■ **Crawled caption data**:
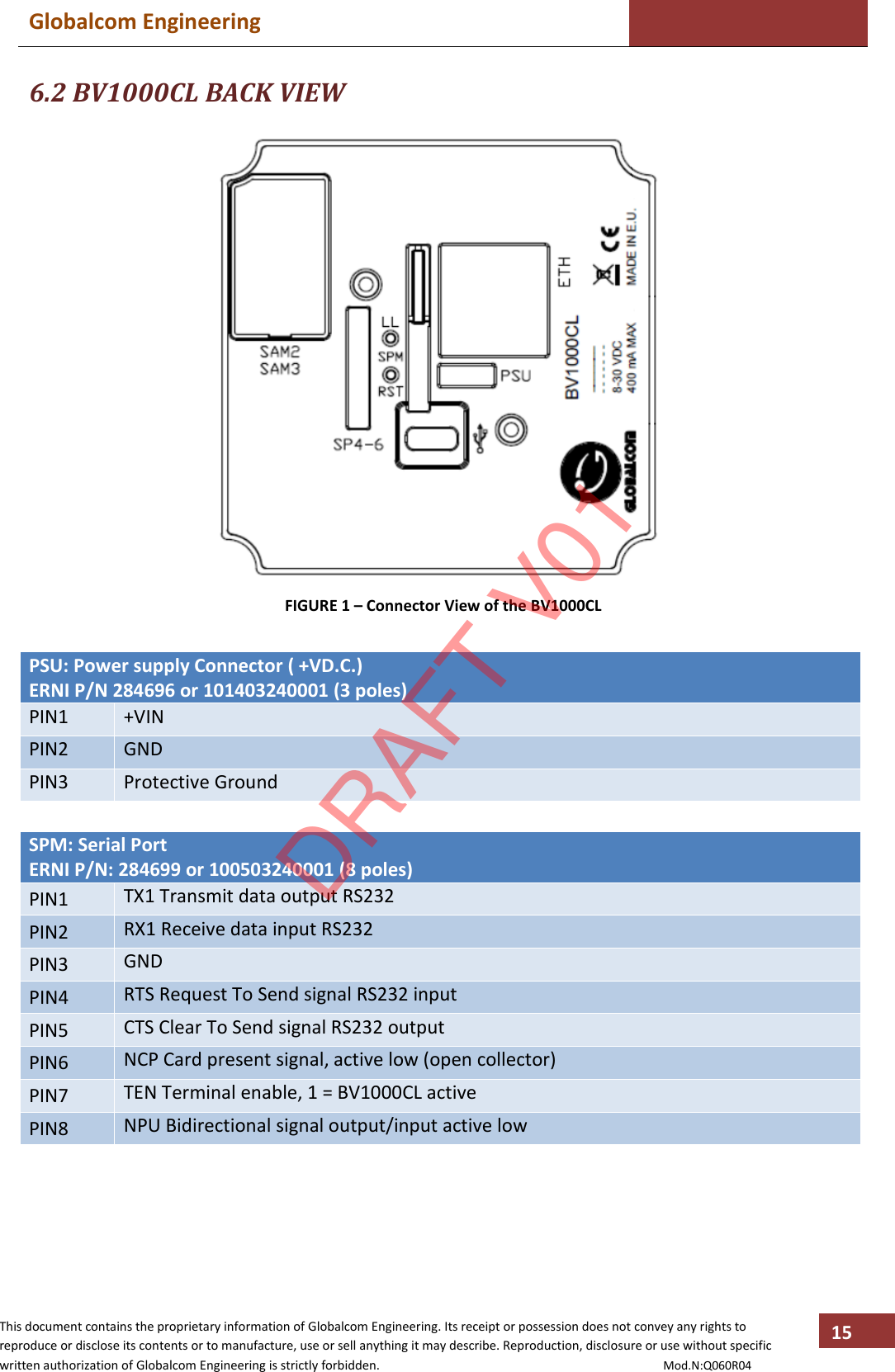 Globalcom Engineering    This document contains the proprietary information of Globalcom Engineering. Its receipt or possession does not convey any rights to reproduce or disclose its contents or to manufacture, use or sell anything it may describe. Reproduction, disclosure or use without specific written authorization of Globalcom Engineering is strictly forbidden.                                                                                           Mod.N:Q060R04 15 6.2 BV1000CL BACK VIEW  FIGURE 1 – Connector View of the BV1000CL  PSU: Power supply Connector ( +VD.C.) ERNI P/N 284696 or 101403240001 (3 poles) PIN1 +VIN PIN2 GND PIN3 Protective Ground  SPM: Serial Port ERNI P/N: 284699 or 100503240001 (8 poles) PIN1 TX1 Transmit data output RS232 PIN2 RX1 Receive data input RS232 PIN3 GND PIN4 RTS Request To Send signal RS232 input PIN5 CTS Clear To Send signal RS232 output PIN6 NCP Card present signal, active low (open collector) PIN7 TEN Terminal enable, 1 = BV1000CL active PIN8 NPU Bidirectional signal output/input active low  DRAFT V01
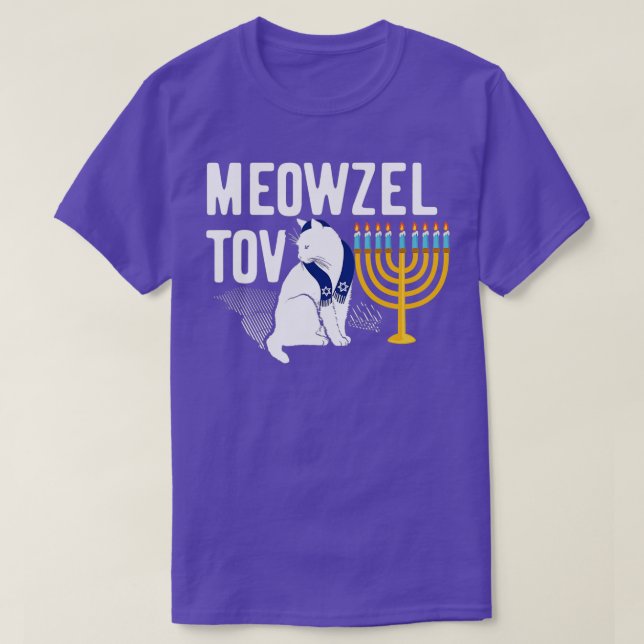 Camiseta Meowzel Tov Funny Cat Chanukah Hanukkah Jewish Hol (Diseño del anverso)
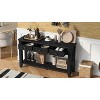 Vynxaria 55.4" Modern Entryway Console Table with Storage Drawers and Poplar Legs - 2 of 4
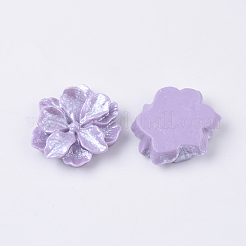 樹脂カボション  模造パールスタイル  花  ライラック  23~24x23~24x7mm&nbsp;X-RESI-S364-46A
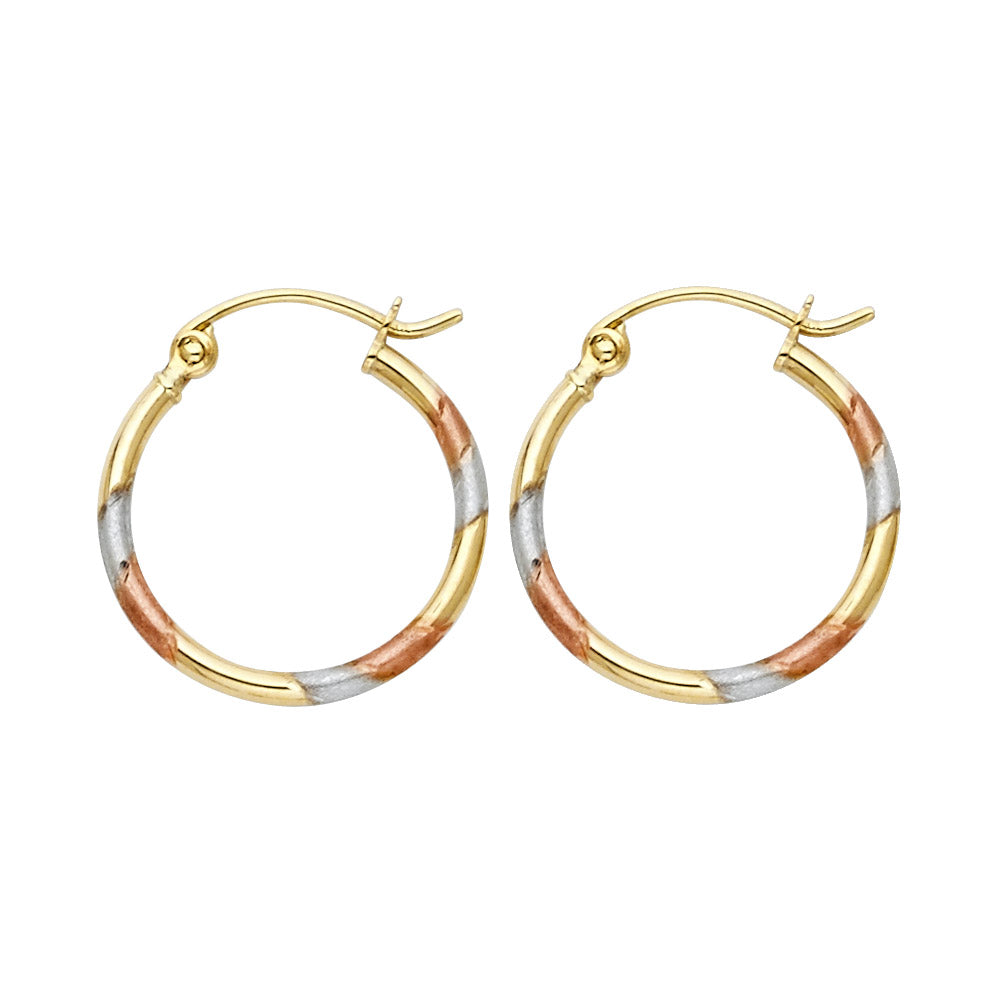 14K Yellow White Rose Gold Diamond Cut Hoop Earring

■ **Task brief**: Set down exactly, and only, the lines from the one containing "Legs - 2 of 4" through the last line of the entries. Pictures do not belong in the copy.

■ **Task answer**:
 Vynxaria 55.4" Modern Entryway Console Table with Storage Drawers and Poplar Legs - 2 of 4
 樹脂カボション  模造パールスタイル  花  ライラック  23~24x23~24x7mm&nbsp;X-RESI-S364-46A
 14K Yellow White Rose Gold Diamond Cut Hoop Earring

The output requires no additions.